> _Exercise requirements_: Please keep to the lines below from the one with "Vinteroverall, Yamaha, blå, röd, stl. XL." through the one with "New Fashionable and", and restate them word for word, ends included.

> _Data records_:
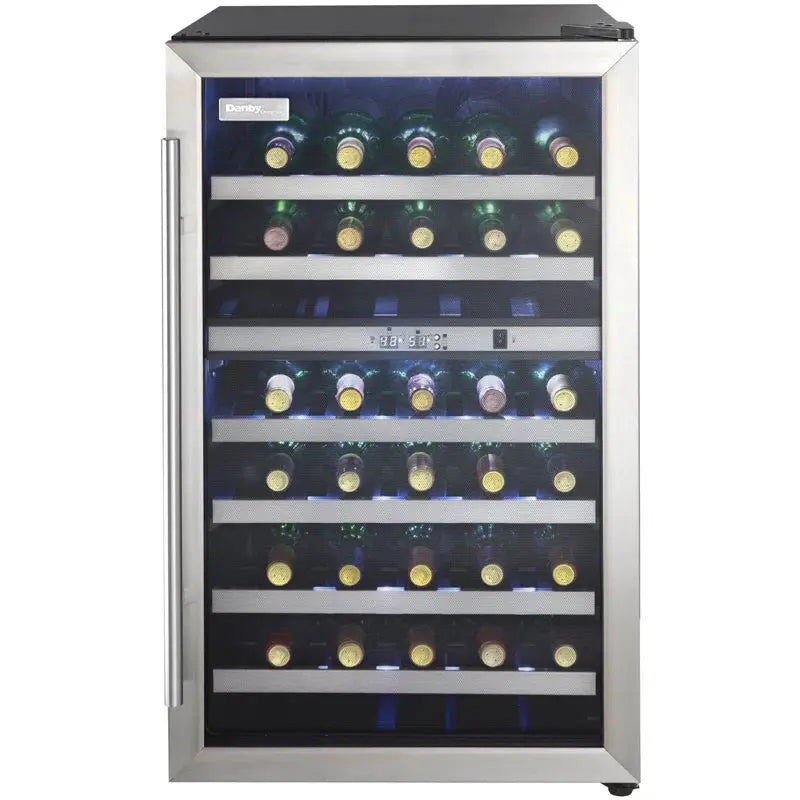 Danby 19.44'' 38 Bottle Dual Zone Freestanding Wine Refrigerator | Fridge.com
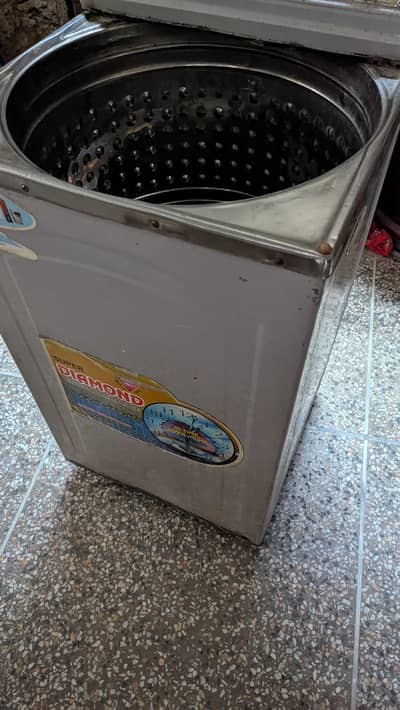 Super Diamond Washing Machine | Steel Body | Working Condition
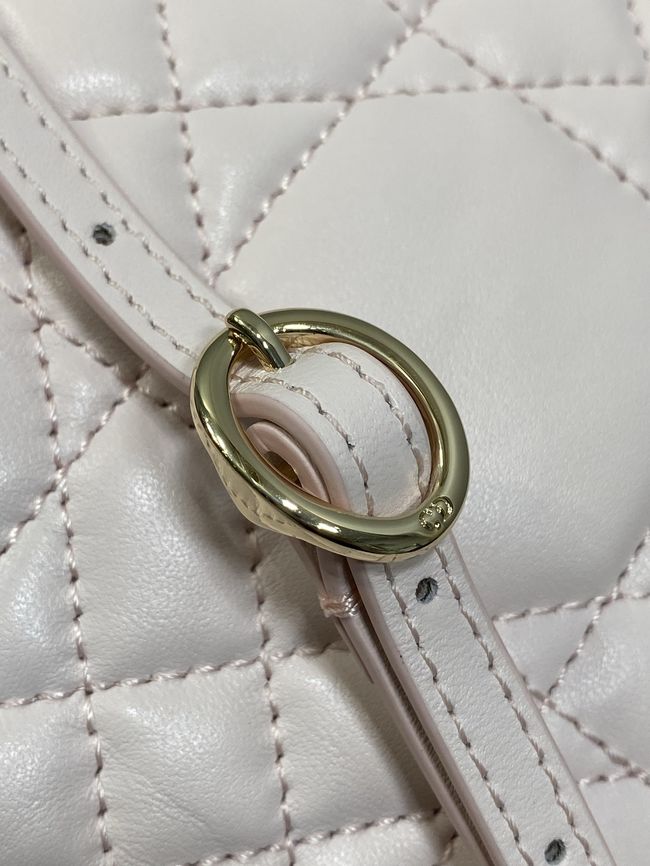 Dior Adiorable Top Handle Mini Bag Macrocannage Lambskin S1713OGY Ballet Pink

...

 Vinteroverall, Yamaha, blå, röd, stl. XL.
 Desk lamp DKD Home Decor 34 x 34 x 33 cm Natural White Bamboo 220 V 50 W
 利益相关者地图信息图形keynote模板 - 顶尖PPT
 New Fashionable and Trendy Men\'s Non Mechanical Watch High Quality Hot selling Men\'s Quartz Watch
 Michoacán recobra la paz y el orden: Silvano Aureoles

* * *

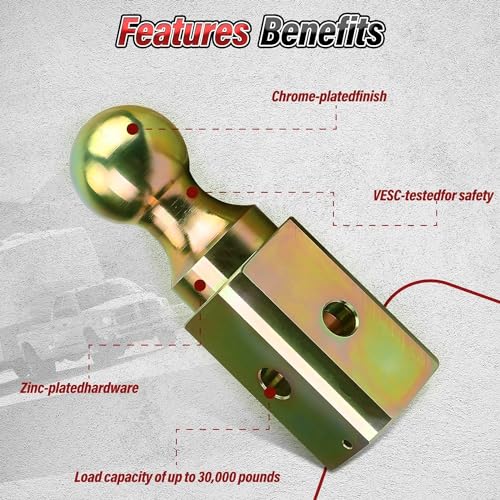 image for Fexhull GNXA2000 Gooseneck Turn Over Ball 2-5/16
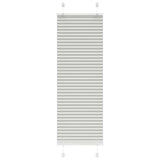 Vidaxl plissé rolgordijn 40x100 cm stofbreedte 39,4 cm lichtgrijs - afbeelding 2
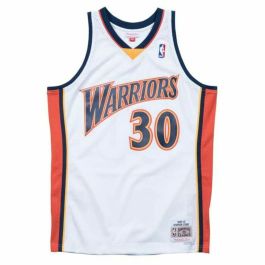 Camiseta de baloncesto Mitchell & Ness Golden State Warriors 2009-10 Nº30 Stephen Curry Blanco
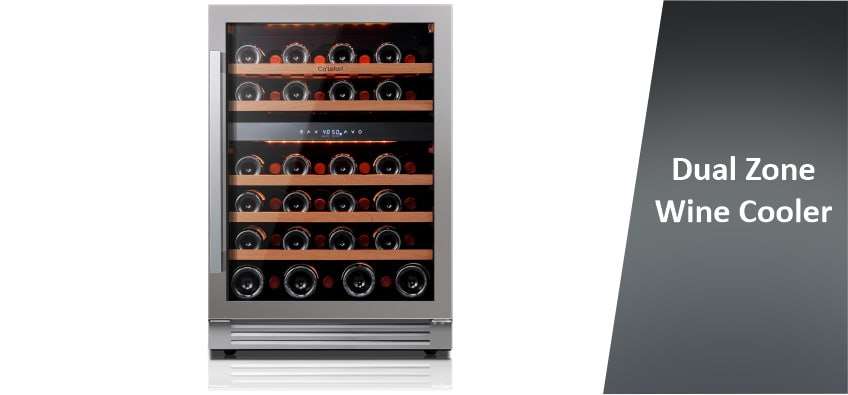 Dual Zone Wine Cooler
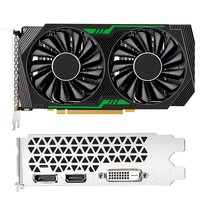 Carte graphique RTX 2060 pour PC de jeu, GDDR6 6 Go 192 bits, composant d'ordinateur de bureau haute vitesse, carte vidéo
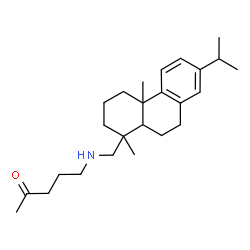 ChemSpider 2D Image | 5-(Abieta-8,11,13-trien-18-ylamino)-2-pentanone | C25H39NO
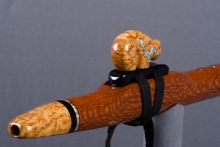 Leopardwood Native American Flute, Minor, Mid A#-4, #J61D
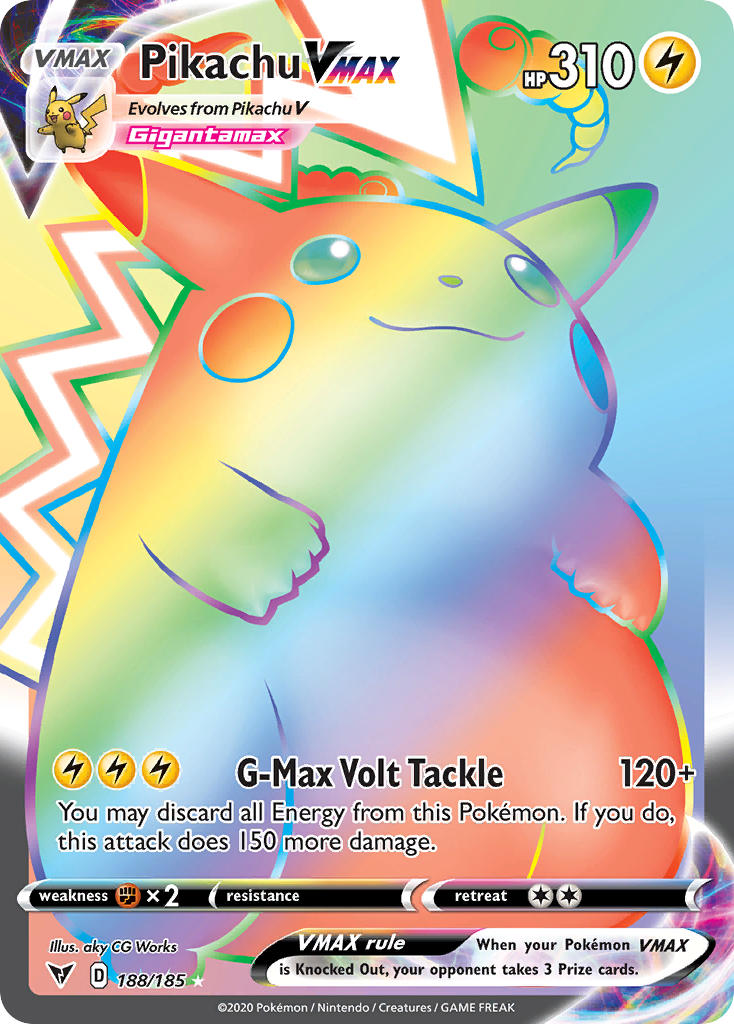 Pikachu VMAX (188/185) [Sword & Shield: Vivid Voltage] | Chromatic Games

> _Solution to this exercise_:
 Vinteroverall, Yamaha, blå, röd, stl. XL.
 Desk lamp DKD Home Decor 34 x 34 x 33 cm Natural White Bamboo 220 V 50 W
 利益相关者地图信息图形keynote模板 - 顶尖PPT
 New Fashionable and Trendy Men\'s Non Mechanical Watch High Quality Hot selling Men\'s Quartz Watch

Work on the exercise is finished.